Ist das grotesk? Das Groteske zeichnet sich dadurch aus, das scheinbar Unvereinbare komisch-verfremdend zu verbinden. Die Verfremdung ist hier zweifellos gelungen. Aber komisch? Etwa Sätze wie „damals, als es noch um die Spendenaffäre ging, bei der Zeu-sisch-Demokratischen-Union ... O, da habe ich wohl in die Zukunft gesehen!“? Es reicht eben nicht aus, ein antikes Drama von beständig „Scheiße“ und „Arschloch“ brüllenden Erdmännchen spielen zu lassen, um grotesk zu sein.

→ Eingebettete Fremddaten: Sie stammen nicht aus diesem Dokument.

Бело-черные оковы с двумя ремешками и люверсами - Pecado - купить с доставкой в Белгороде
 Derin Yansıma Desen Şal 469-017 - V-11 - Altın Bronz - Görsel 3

Die wenigen Szenen, in denen sich die Eingestaubten dann doch einmal für Schauspiel ohne Pseudo-Verhöhnung entschieden, offenbarten erst die Fähigkeiten der Schauspieler. So Iokastes Monolog, in welchem Henriette Hense-Knipps die Mutter des Ödipus überzeugend als ewig Verdammte interpretierte.

Leider bot das Stück zu wenige solcher Szenen, zu viele der lauten Hohnrufe. Werden Figuren absichtlich lächerlich gemacht, kann zwischen vorsätzlich schlechtem Schauspiel und tatsächlichen Schwächen oft nicht leicht unterschieden werden. So musste das junge Ensemble sein Potenzial weitgehend im Dunkeln lassen.